Membangun Budaya Literasi Di Indonesia
MEMBANGUN
BUDAYA LITERASI DI INDONESIA
Kini, budaya literasi di Indonesia menjadi persoalan yang sangat menarik untuk
diperbincangkan. Mengingat budaya literasi di Indonesia masih rendah dan belum
mendarah daging dikalangan masyarakat. Adapun budaya literasi yang akan dibahas
mencangkup dua hal, yaitu kemampuan atau keterampilan membaca dan menulis.
Namun ditengah melesatnya budaya popular, buku tidak pernah lagi menjadi
prioritas utama. Bahkan masyarakat lebih mudah menyerap budaya berbicara dan mendengar,
dari pada membaca kemudian menuangkannya dalam bentuk tulisan. Ada pepatah yang
mengungkapkan bahwa buku adalah gudangnya ilmu dan membaca adalah kuncinya.

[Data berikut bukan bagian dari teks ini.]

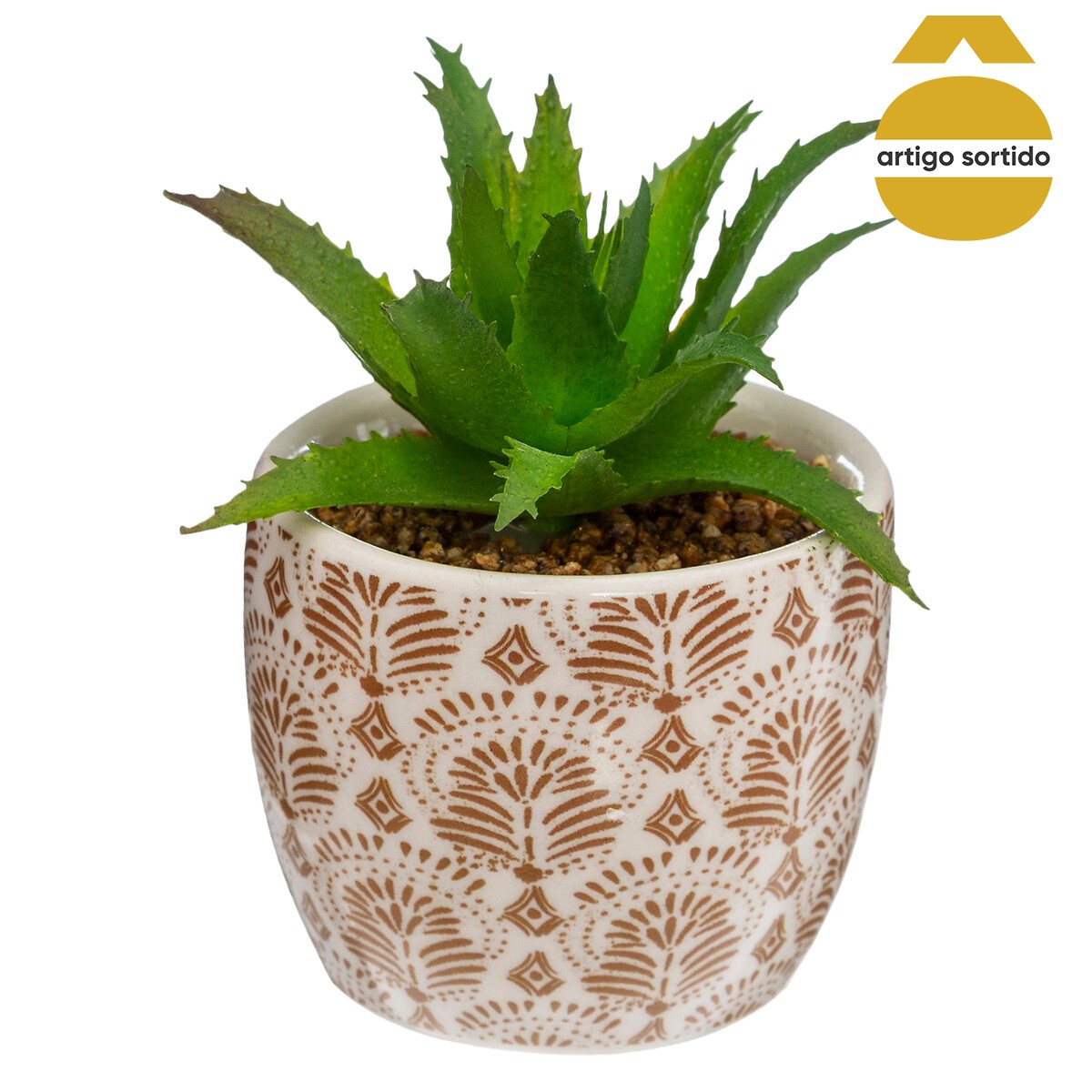 Vaso de porcelana com planta 9cm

Apakah ungkapan ini masih berlaku ketika dunia semakin canggih dengan
perkembangan tekhnologi yang semakin pesat. Tentu hal ini lah yang menjadi
persoalan khususnya bagi bangsa Indonesia.
Jika membicarakan masalah membaca, seperti yang telah dijelaskan didalam
Al-Quran bahwa membaca mempunyai arti yang sangat penting dalam kehidupan
manusia. Membaca juga merupakan kegiatan rutin yang hampir tidak dapat
dipisahkan dari kehidupan manusia, bahkan terlebih lagi dalam dunia pendidikan.
Namun, jika membicarakan masalah menulis juga tidak kalah pentingnya dengan
membaca. Tetapi pada umumnya penguasaan keterampilan membaca seseorang itu
lebih baik dari kemampuan menulisnya. Oleh sebab itu, keterampilan menulis
merupakan keterampilan yang paling sulit dikuasai dan dipelajari. Hal ini
disebabkan karena menulis merupakan keterampilan yang melibatkan banyak unsur.
Ada pula pendapat yang menyatakan bahwa diperguruan tinggi sekalipun tidak
banyak dosen ataupun mahasiswa yang gemar menulis. Namun, meskipun keterampilan
menulis itu dinilai sulit, tak berarti mustahil bagi kita untuk terus
mempelajarinya.
Secara bahasa, literasi dapat diartikan sebagai melek huruf, kemampuan baca
tulis, kemelekwancanaan atau kecakapan dalam membaca dan menulis (Teale &
Sulzby, 1986). Menurut Baynham (1995:9), pengertian literasi berdasarkan
konteks penggunaanya yaitu bahwa literasi merupakan integrasi keterampilan
menyimak, berbicara, menulis, membaca dan berpikir kritis. Stripling (1992),
mengartikan literasi didasarkan pada konsep dasar literasi sebagai
kemelekwacanaan, sehingga ruang lingkup literasi itu berkisar pada segala upaya
yang dilakukan dalam memahami dan menguasai informasi. Sedangkan, arti budaya
literasi itu sendiri adalah budaya untuk membiasakan diri membaca dan menulis.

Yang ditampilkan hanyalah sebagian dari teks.